(Editor’s note: Part one of this story appeared in the March issue of the River Hills Traveler.)
We crawled further into the cave and I turned out the lantern because it sounded like it was running out of fuel. The lantern got dimmer, spit, and went out.
It is so hard to believe how dark it is in a cave and how quiet it was. Without light it started getting scary. Dead silence. But who was going to be the first one to say they were “scared”?
The flashlight was then turned on and I was surprised to see how dim it was since we had used it last in the dome. Maybe we should have brought another set of batteries. What a novel idea! A backup? Nobody even had a clue to bring fresh batteries.
As we lay on the wet, muddy, black cave floor I was wondering what to do. I then remembered a story I had read in a Popular Science magazine. This was a short article because I could never sit long enough to read long articles.
The article stated that if (in an emergency) you could rejuvenate batteries, all you had to do is place the batteries in an oven and heat them up. The article stated that this was an emergency step and would probably only work once.

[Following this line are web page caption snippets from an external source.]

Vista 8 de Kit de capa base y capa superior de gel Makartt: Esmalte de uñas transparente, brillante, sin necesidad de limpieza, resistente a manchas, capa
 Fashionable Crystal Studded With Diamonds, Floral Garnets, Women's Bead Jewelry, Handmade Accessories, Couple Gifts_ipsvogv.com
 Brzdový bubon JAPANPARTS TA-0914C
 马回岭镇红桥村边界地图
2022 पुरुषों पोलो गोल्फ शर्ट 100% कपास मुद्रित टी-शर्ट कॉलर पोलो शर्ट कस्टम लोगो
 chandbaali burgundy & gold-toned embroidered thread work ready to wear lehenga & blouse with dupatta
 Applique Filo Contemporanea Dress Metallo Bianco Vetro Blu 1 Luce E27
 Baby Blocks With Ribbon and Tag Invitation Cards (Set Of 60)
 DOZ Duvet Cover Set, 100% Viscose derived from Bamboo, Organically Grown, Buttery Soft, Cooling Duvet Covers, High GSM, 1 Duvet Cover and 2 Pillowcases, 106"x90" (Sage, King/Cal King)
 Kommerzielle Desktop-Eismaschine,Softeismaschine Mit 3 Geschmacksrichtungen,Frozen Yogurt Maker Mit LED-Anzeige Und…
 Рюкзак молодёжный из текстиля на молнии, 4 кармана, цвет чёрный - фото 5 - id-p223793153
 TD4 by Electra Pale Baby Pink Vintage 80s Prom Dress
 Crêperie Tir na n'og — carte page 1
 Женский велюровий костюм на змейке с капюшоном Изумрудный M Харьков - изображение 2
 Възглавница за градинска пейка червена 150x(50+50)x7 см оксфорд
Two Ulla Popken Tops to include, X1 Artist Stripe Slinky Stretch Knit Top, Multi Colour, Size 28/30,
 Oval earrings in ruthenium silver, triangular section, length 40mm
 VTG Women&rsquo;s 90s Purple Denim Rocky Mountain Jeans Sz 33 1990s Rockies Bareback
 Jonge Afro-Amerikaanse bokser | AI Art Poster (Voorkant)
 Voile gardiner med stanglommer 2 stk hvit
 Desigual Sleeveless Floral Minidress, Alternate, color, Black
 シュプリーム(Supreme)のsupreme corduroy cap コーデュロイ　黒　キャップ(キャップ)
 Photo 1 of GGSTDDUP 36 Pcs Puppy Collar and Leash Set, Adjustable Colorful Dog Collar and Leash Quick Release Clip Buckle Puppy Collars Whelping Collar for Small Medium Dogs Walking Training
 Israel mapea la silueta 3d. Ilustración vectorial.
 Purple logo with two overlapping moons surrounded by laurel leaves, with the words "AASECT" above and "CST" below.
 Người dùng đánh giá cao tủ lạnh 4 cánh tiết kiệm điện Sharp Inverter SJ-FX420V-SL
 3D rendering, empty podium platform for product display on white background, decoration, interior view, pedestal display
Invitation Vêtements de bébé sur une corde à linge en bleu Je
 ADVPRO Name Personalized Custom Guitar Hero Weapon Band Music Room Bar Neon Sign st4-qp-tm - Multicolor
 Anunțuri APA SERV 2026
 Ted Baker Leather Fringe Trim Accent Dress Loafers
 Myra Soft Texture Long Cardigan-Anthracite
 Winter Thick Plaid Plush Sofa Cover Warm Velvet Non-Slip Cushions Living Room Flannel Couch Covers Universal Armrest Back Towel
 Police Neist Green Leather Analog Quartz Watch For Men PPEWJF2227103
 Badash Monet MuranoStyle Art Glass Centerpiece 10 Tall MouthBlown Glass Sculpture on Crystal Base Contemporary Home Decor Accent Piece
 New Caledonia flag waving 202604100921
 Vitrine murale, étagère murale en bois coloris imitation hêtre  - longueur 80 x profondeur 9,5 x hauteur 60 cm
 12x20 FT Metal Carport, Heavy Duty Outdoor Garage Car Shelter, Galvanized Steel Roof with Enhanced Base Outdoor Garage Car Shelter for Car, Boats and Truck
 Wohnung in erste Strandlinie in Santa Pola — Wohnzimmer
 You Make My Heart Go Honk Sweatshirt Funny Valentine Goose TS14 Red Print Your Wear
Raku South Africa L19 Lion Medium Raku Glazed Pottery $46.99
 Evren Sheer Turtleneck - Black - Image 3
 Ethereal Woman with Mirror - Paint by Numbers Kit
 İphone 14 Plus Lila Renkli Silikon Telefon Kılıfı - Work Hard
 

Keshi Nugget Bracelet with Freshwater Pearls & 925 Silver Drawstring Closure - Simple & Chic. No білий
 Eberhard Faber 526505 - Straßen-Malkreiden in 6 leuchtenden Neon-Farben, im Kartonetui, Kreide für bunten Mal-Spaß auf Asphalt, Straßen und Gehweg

Well, this seemed like a good enough emergency to me, but all we needed right now was an oven. The oven would not only heat up the batteries but warm us up, also. Since we had walked through the icy water (mistake #1), sliding through mud, walking through bat poop and then crawling through more mud, we all were a bit shaky and probably not far from hypothermia (something none of us even knew about yet). An oven sounded good.